● **EXTRACTED ENTRIES**:

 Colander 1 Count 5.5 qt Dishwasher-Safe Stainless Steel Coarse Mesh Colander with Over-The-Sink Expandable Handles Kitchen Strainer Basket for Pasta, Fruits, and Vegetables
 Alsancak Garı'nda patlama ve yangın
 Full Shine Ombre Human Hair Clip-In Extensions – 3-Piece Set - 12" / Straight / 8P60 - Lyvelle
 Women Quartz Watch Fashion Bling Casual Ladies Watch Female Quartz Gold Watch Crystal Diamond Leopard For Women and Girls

==

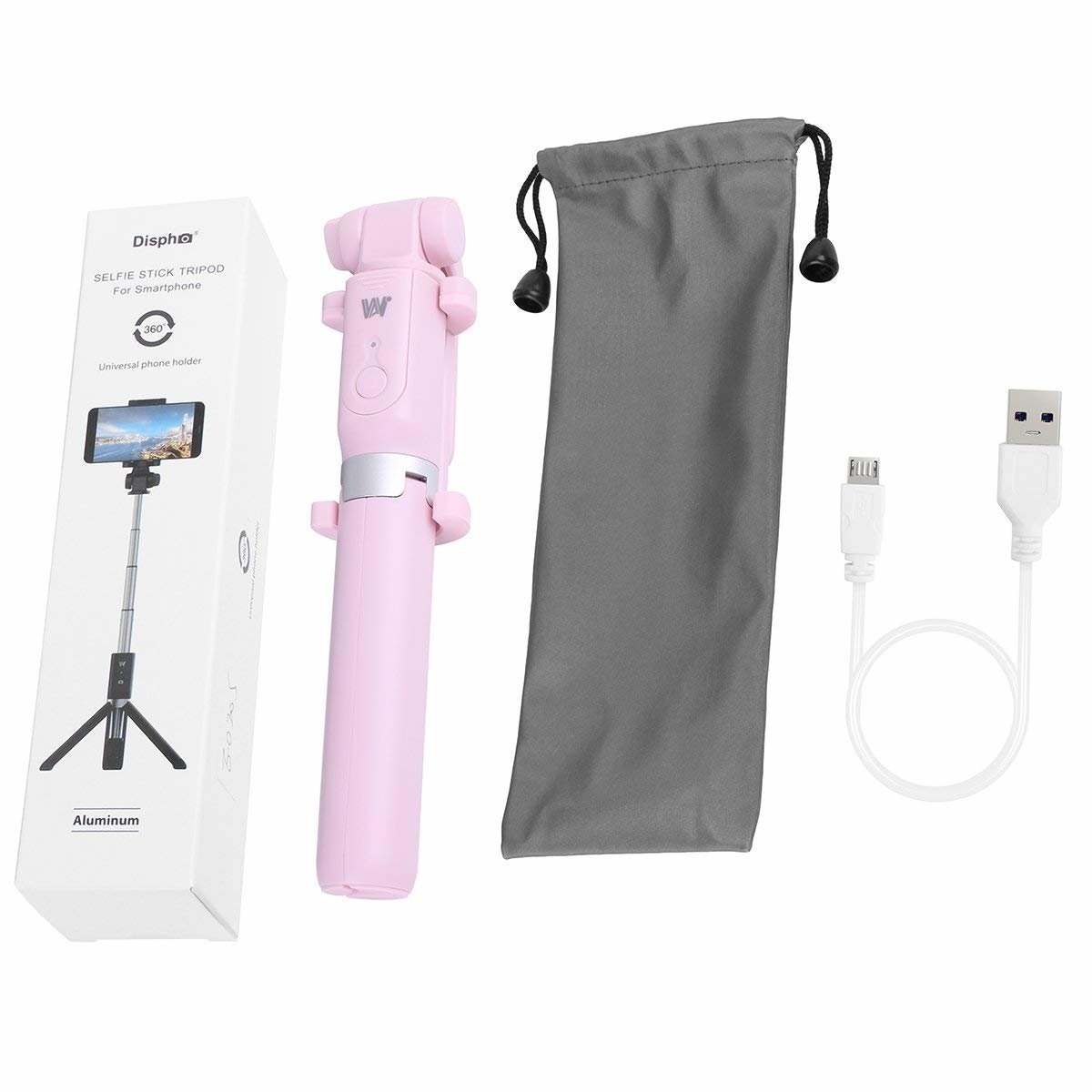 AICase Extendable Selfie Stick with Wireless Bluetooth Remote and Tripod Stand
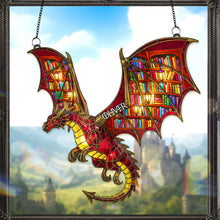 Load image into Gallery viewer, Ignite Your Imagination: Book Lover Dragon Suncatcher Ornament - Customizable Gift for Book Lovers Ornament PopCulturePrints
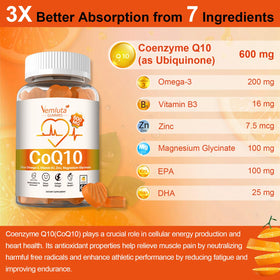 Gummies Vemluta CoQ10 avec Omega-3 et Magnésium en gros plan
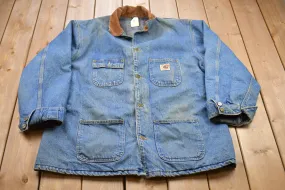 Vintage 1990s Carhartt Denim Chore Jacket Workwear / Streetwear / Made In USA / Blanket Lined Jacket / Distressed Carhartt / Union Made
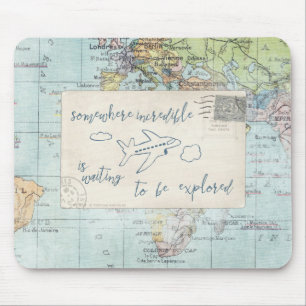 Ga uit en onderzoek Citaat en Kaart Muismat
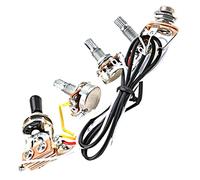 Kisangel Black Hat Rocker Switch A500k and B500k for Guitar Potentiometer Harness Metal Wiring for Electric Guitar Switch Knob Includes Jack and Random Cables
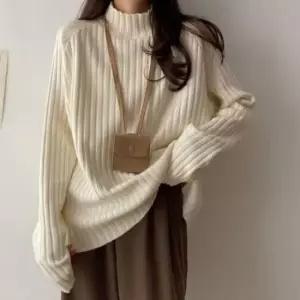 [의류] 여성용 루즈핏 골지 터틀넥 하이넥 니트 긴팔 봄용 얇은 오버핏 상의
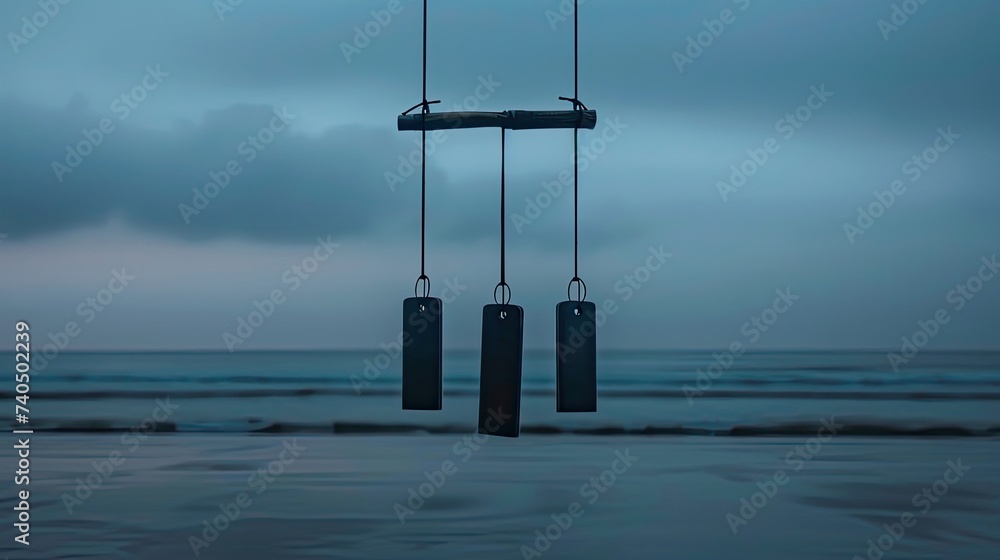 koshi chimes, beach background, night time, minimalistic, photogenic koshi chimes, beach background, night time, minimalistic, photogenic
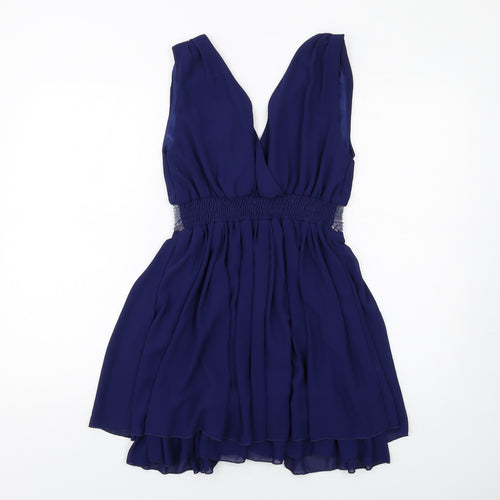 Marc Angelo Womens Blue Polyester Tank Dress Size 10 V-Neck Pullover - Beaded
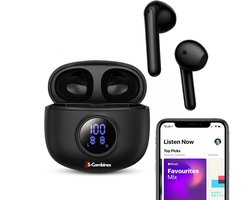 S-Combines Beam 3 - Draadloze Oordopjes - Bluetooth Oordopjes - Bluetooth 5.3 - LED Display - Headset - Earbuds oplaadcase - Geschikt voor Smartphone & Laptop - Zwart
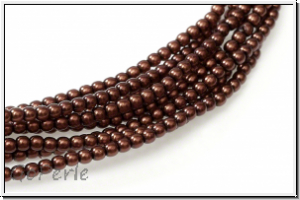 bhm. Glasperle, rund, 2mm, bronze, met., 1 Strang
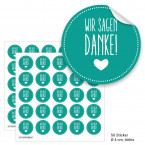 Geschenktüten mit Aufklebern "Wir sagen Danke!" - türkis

---

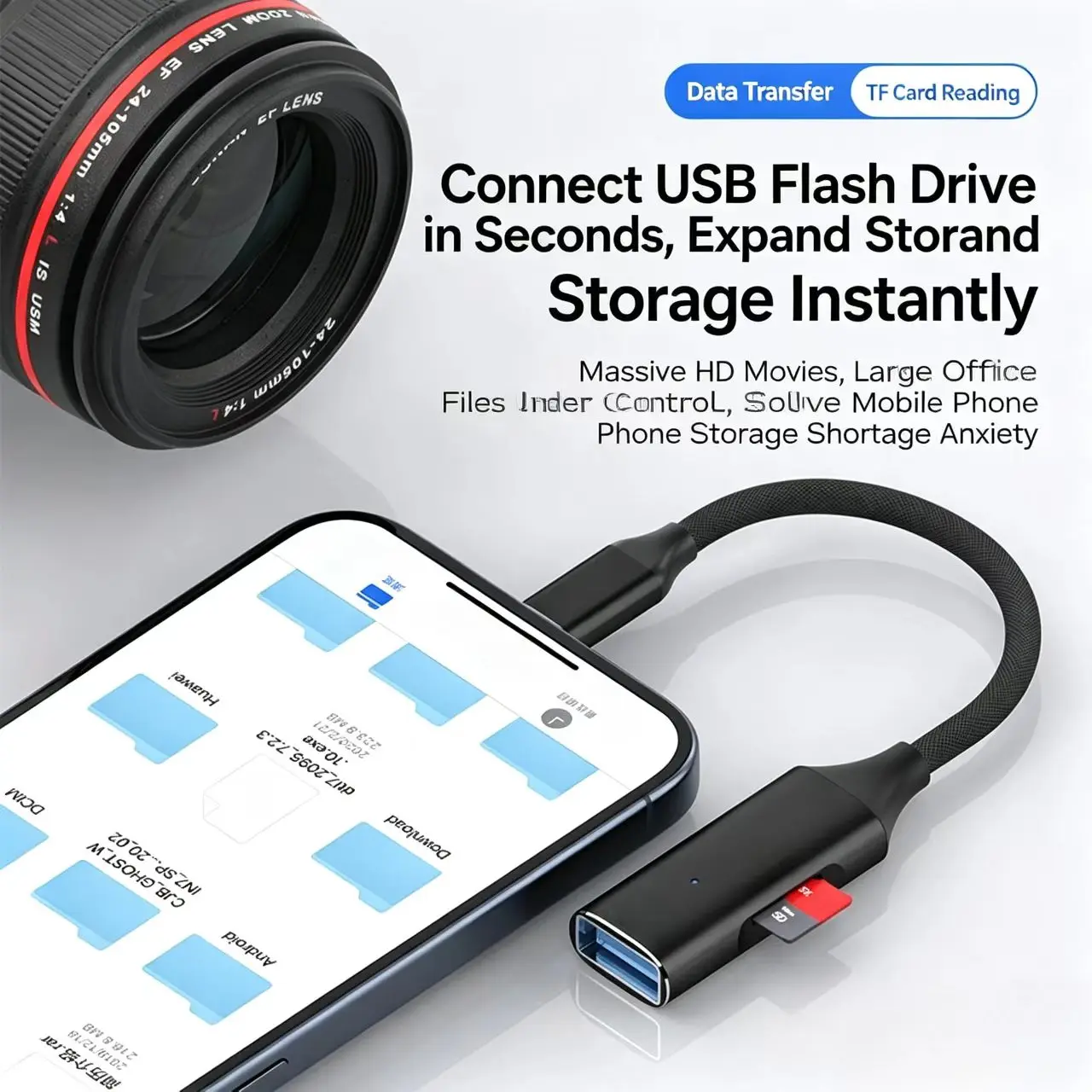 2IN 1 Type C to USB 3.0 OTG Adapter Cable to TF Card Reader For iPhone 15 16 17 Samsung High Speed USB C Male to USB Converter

● **THE TASK**: Your answer should be the exact lines above from the one with "Colander 1 Count" through the one with "Women Quartz Watch", both included, and nothing besides.

● **REPLY**:
 Colander 1 Count 5.5 qt Dishwasher-Safe Stainless Steel Coarse Mesh Colander with Over-The-Sink Expandable Handles Kitchen Strainer Basket for Pasta, Fruits, and Vegetables
 Alsancak Garı'nda patlama ve yangın
 Full Shine Ombre Human Hair Clip-In Extensions – 3-Piece Set - 12" / Straight / 8P60 - Lyvelle
 Women Quartz Watch Fashion Bling Casual Ladies Watch Female Quartz Gold Watch Crystal Diamond Leopard For Women and Girls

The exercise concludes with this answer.